Journals, sketchbooks, and manuscripts, photographs of paintings that were burned or cut up for firewood when I left Montana.
Last night, I was going through my photos on the computer and I found one of Tom climbing in the Shaaman cave in Nevada. From this trip where we were falling in love, we lived in my truck for months climbing all over the wester US. All of this ephemera is pulling on me. It belongs to what has come before. It seems to be full of belief that there is some future, and pieces of it fall off as impractical, people fall off as they stop believing, and I move on, trusting, perhaps foolishly, that there is this blissful present, and this blissful future.
The clouds have just cracked open with a vengeance suddenly, and I sit here on my bed, amidst this slice of the stickiest stuff, the stuff that used to define me as me and now seems to be a historical catalogue of what actually means something to me, and smell the hot roofs and soil getting soaked through suddenly. The cottonwood fluff is drifting through the rain lazily, the fat rain drops are washing the roofs of the cabins and the leaves of the huge trees. The sun is shining behind this enormous cloud, the sky is blue over pyramid peak, and I'm sitting amongst things that used to, and maybe still do matter.
I suppose that some of the nostalgic sadness is that I have moved in. This cabin is a place we intend to stay, there have been shelves built and long term organizational ideas, we have invested ourselves in nesting here.
I'm not in transition anymore, I'm rooting, building a home base from which to spring with my kids on whatever adventure comes next. And I'm grateful for this place, this paradise, safe and wild for them and for me.
And I live here now, and the family is myself, and my mother and my two kids. My time with Tom has come and gone, the dream of last summer with Mike and his kids turned out to be just that... a dream. The other great love in my life is destined to be just that, a great love, separate and strong. But separate. We walk together, and I hold his heart in mine, but the journey he has to take is arduous and solitary.

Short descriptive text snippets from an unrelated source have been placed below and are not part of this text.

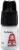 Kalinka-3-ml---Klej-do-rzes-do-duzych-objetosci---Magnitica-Lashes.webp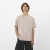 LC2527600_0_MOD_salomonlogorxtee_etherea_sportswear_m.png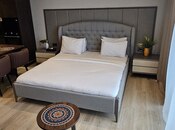 Сдаётся 1-комн. новостройка 60 м², пос. Sea Breeze, photo 4 from 8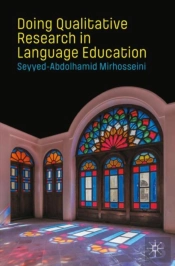 Doing Qualitative Research In Language Education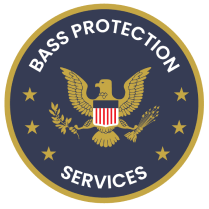 Bass Protection Services LLC
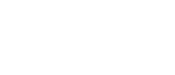 Imperbel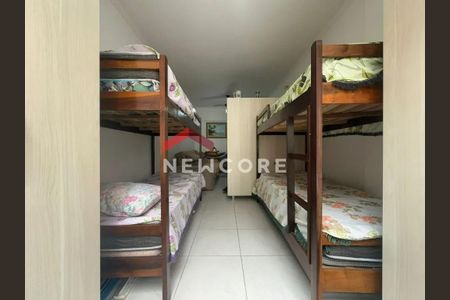 6_photo/94ce1dd179.9845a183adc4e21d-ATLAS-efc13900-3cc8-4b49-b945-32a5f58bb4d7.jpg de apartamento para alugar com 1 quarto, 35m² em Guilhermina, Praia Grande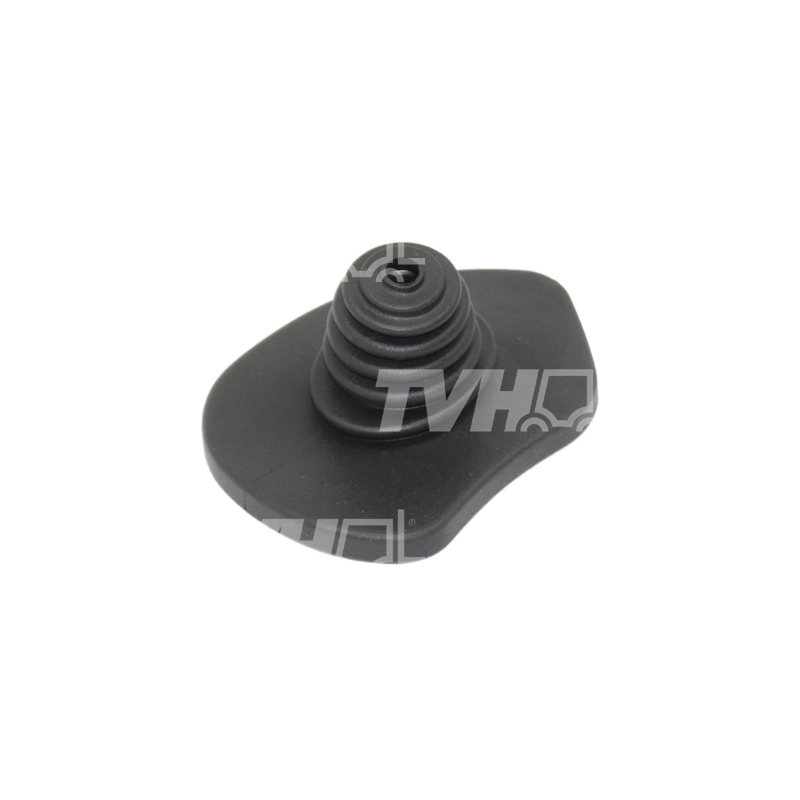 OSŁONA DRĄŻKA KIEROWNICZEGO OD HYDRAULIKI LINDE 39X 0009625582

So while editing my things and unattaching from them, being willing to discard usually marks some stage in my life where I am becoming myself, undefined by others, I think this unpacking did the same thing, but in a different way. Becoming myself, in space that is only mine, without wishing for it to belong to some other as well, without defining myself through my things so that whoever was sharing my space would not mistake me. I am again learning to be alone, to belong to me, to trust that I am right where I need to be to learn the lesson I need to learn.